Produce the full set of records below once more, exactly as they stand.

════════════════════

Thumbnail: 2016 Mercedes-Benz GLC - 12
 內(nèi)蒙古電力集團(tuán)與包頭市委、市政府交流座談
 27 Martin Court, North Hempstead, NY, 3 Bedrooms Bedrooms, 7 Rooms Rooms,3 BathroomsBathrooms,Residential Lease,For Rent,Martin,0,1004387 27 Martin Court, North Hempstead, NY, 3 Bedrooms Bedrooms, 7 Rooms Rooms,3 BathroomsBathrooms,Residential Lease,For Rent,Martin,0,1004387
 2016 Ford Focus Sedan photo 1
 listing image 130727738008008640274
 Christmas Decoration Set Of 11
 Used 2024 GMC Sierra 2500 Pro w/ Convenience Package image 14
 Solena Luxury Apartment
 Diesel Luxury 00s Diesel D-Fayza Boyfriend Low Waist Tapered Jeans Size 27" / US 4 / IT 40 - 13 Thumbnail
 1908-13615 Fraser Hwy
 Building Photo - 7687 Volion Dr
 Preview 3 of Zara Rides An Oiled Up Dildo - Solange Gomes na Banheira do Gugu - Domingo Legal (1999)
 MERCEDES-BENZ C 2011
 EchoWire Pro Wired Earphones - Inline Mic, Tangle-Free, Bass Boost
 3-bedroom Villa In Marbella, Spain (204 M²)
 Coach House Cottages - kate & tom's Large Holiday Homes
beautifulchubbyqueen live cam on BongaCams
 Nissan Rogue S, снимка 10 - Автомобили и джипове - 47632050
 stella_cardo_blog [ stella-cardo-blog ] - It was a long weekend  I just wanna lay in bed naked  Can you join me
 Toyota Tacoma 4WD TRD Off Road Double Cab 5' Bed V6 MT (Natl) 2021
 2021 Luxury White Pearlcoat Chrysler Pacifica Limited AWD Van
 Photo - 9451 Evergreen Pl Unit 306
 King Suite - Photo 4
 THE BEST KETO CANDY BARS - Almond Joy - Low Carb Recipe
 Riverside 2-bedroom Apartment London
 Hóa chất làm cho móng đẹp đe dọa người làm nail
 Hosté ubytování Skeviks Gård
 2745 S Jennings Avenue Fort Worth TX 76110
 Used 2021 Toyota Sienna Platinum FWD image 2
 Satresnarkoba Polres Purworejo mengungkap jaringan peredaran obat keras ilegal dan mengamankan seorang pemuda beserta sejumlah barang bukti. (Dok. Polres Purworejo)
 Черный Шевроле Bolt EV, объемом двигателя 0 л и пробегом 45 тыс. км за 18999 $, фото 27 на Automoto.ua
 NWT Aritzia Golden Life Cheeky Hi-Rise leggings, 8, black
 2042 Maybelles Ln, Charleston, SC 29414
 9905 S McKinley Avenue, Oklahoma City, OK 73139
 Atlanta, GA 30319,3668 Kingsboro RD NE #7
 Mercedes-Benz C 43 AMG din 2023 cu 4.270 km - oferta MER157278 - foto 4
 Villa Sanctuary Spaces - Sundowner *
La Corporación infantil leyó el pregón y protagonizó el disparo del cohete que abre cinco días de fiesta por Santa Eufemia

════════════════════

== TASK ANSWER ==
Thumbnail: 2016 Mercedes-Benz GLC - 12
 內(nèi)蒙古電力集團(tuán)與包頭市委、市政府交流座談
 27 Martin Court, North Hempstead, NY, 3 Bedrooms Bedrooms, 7 Rooms Rooms,3 BathroomsBathrooms,Residential Lease,For Rent,Martin,0,1004387 27 Martin Court, North Hempstead, NY, 3 Bedrooms Bedrooms, 7 Rooms Rooms,3 BathroomsBathrooms,Residential Lease,For Rent,Martin,0,1004387
 2016 Ford Focus Sedan photo 1
 listing image 130727738008008640274
 Christmas Decoration Set Of 11
 Used 2024 GMC Sierra 2500 Pro w/ Convenience Package image 14
 Solena Luxury Apartment
 Diesel Luxury 00s Diesel D-Fayza Boyfriend Low Waist Tapered Jeans Size 27" / US 4 / IT 40 - 13 Thumbnail
 1908-13615 Fraser Hwy
 Building Photo - 7687 Volion Dr
 Preview 3 of Zara Rides An Oiled Up Dildo - Solange Gomes na Banheira do Gugu - Domingo Legal (1999)
 MERCEDES-BENZ C 2011
 EchoWire Pro Wired Earphones - Inline Mic, Tangle-Free, Bass Boost
 3-bedroom Villa In Marbella, Spain (204 M²)
 Coach House Cottages - kate & tom's Large Holiday Homes
beautifulchubbyqueen live cam on BongaCams
 Nissan Rogue S, снимка 10 - Автомобили и джипове - 47632050
 stella_cardo_blog [ stella-cardo-blog ] - It was a long weekend  I just wanna lay in bed naked  Can you join me
 Toyota Tacoma 4WD TRD Off Road Double Cab 5' Bed V6 MT (Natl) 2021
 2021 Luxury White Pearlcoat Chrysler Pacifica Limited AWD Van
 Photo - 9451 Evergreen Pl Unit 306
 King Suite - Photo 4
 THE BEST KETO CANDY BARS - Almond Joy - Low Carb Recipe
 Riverside 2-bedroom Apartment London
 Hóa chất làm cho móng đẹp đe dọa người làm nail
 Hosté ubytování Skeviks Gård
 2745 S Jennings Avenue Fort Worth TX 76110
 Used 2021 Toyota Sienna Platinum FWD image 2
 Satresnarkoba Polres Purworejo mengungkap jaringan peredaran obat keras ilegal dan mengamankan seorang pemuda beserta sejumlah barang bukti. (Dok. Polres Purworejo)
 Черный Шевроле Bolt EV, объемом двигателя 0 л и пробегом 45 тыс. км за 18999 $, фото 27 на Automoto.ua
 NWT Aritzia Golden Life Cheeky Hi-Rise leggings, 8, black
 2042 Maybelles Ln, Charleston, SC 29414
 9905 S McKinley Avenue, Oklahoma City, OK 73139
 Atlanta, GA 30319,3668 Kingsboro RD NE #7
 Mercedes-Benz C 43 AMG din 2023 cu 4.270 km - oferta MER157278 - foto 4
 Villa Sanctuary Spaces - Sundowner *
La Corporación infantil leyó el pregón y protagonizó el disparo del cohete que abre cinco días de fiesta por Santa Eufemia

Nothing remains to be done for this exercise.